# Records for this task:
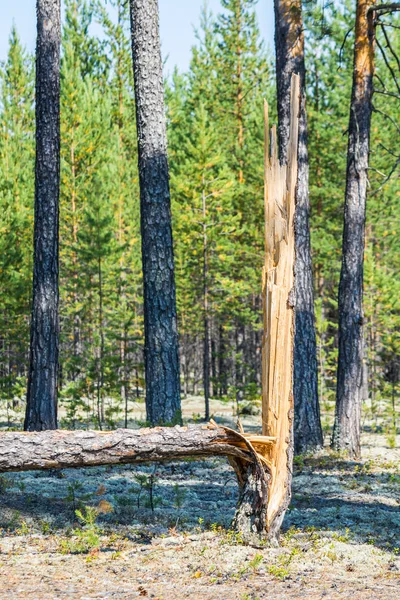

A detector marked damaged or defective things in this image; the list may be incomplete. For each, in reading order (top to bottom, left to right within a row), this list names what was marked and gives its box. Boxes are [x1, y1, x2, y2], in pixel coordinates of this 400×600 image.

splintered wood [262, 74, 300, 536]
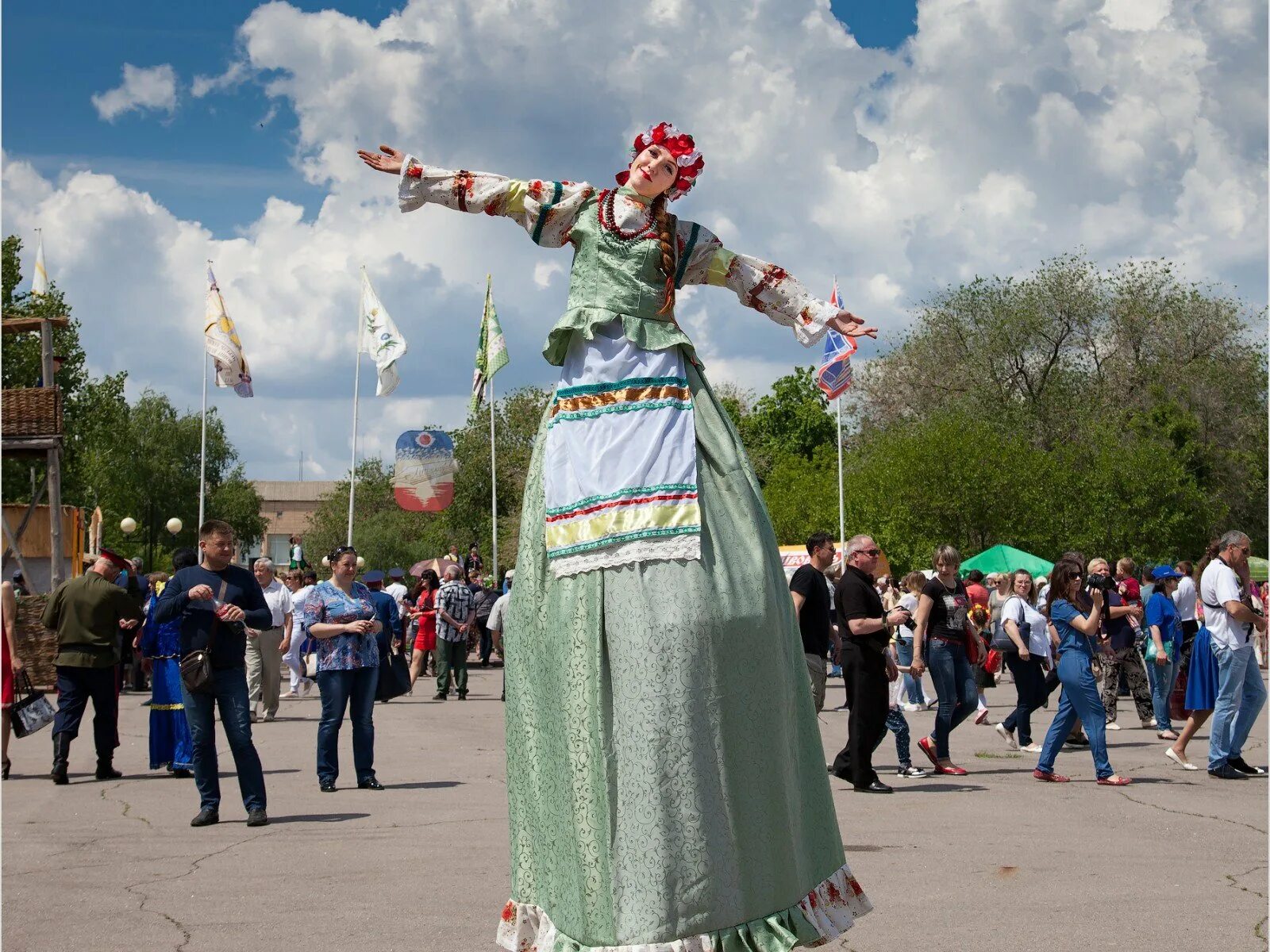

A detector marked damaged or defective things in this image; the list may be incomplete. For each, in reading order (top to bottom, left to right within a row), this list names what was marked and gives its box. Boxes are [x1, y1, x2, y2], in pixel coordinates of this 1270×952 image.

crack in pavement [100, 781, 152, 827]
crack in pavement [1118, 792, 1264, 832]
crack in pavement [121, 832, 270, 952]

# Exercise prompt:
Quote only the lines from the one containing "this 1270×952 image." through the final line of the records, with both ends included.

# Answer area:
A detector marked damaged or defective things in this image; the list may be incomplete. For each, in reading order (top to bottom, left to right within a row), this list names what was marked and gives its box. Boxes are [x1, y1, x2, y2], in pixel coordinates of this 1270×952 image.

crack in pavement [100, 781, 152, 827]
crack in pavement [1118, 792, 1264, 832]
crack in pavement [121, 832, 270, 952]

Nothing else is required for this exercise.